Worldwide, rapid progress in AI technologies, climate change, immigration, refugees and public health crises have combined to create profound changes in global conditions. The increasingly fierce major power competition has taken place against such a backdrop. Many countries have blamed their domestic problems on external factors, leading to interwoven populism and nationalism.
The aforementioned international factors have had important impacts on China-U.S. relations. But the key to the relationship lies ultimately in their respective domestic development. We should not be overly pessimistic about prospects, nor do we have many reasons for optimism. As for U.S. relations with other countries, compared with the Biden presidency, Trump’s second term may see more differences in relations with Europe. European countries also have different attitudes toward the U.S. Despite the subtle changes in Japanese and ROK domestic politics, the U.S. alliance system in East Asia remains solid. India’s foreign policy tends to be more independent, unwilling to choose sides between China and the U.S. This reminds me of China’s foreign policy in the mid- and late-1980s, when it tried to maintain friendly relations with all countries. It tried its best to avoid making enemies, which was very wise. Considering this, U.S.-India relations won’t see fundamental changes.
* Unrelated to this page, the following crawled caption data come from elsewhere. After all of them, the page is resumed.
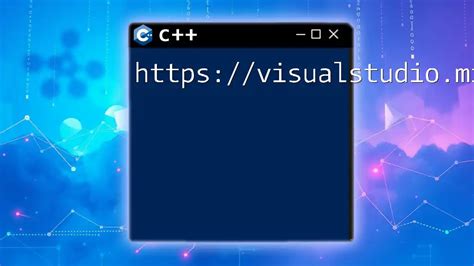 Download C Visual Studio Tutorials for Beginners ਲਈ ਪ੍ਰਤੀਬਿੰਬ ਨਤੀਜਾ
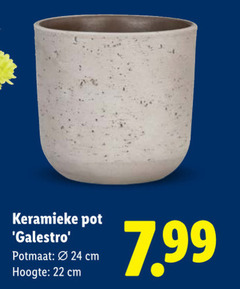  bloempotten 22 24 keramieke pot cm potmaat hoogte 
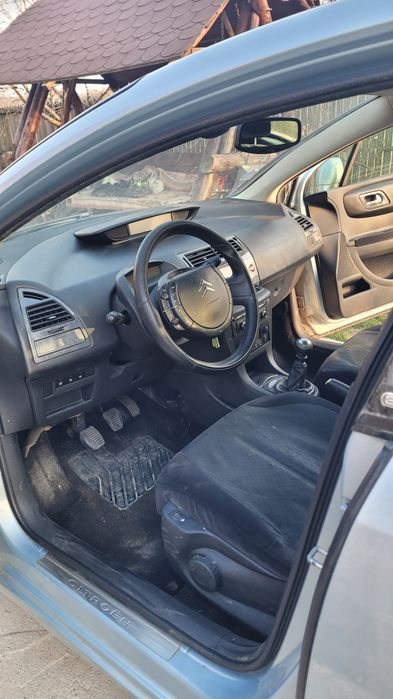 Citroen c4 2.0 hdi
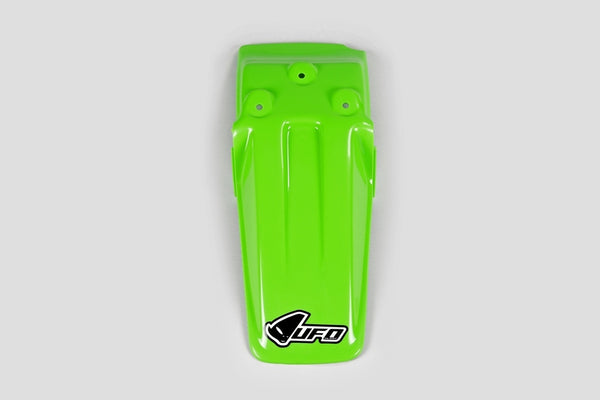 UFO hátsó sárvédő KX Green Kawasaki KX60 KA02786#026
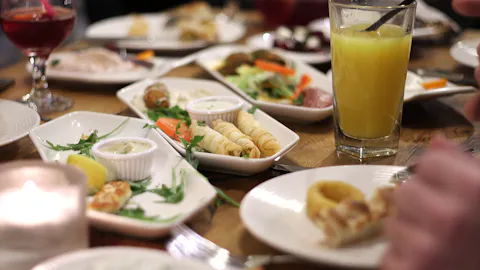 Olive N Meze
I believe, as the world’s two foremost powers, China and the U.S. still have considerable advantages on the world stage. But the pattern of the two powers’ coexistence is different from the bipolar pattern of the Cold War era. The Soviet Union at that time dominated the majority of socialist countries and the Warsaw Treaty Organization as a military alliance. China’s relationships with such countries as Russia, the DPRK and Iran identify them as partners rather than allies. Therefore, China is not like the Soviet Union.
Regional conflicts
China-US Focus: The U.S. has become involved in both the Russia-Ukraine and Middle East conflicts, while China’s approach to regional conflicts has been to maneuver negotiations and promote peace — trying to ameliorate the conflicts as soon as possible to serve the world’s peaceful development. Do China and the U.S. have common interests in coping with regional conflicts, and could they coordinate and cooperate?
Wang Jisi: I believe the U.S.-Russia relationship is an important variable in China-U.S. relations. Although Trump has touted friendly personal relations with Vladimir Putin and hopes to resolve the Russia-Ukraine conflict as soon as possible, U.S. policy toward Russia still hinges on American political elites and public opinion rather than on Trump’s personal opinions about Russia.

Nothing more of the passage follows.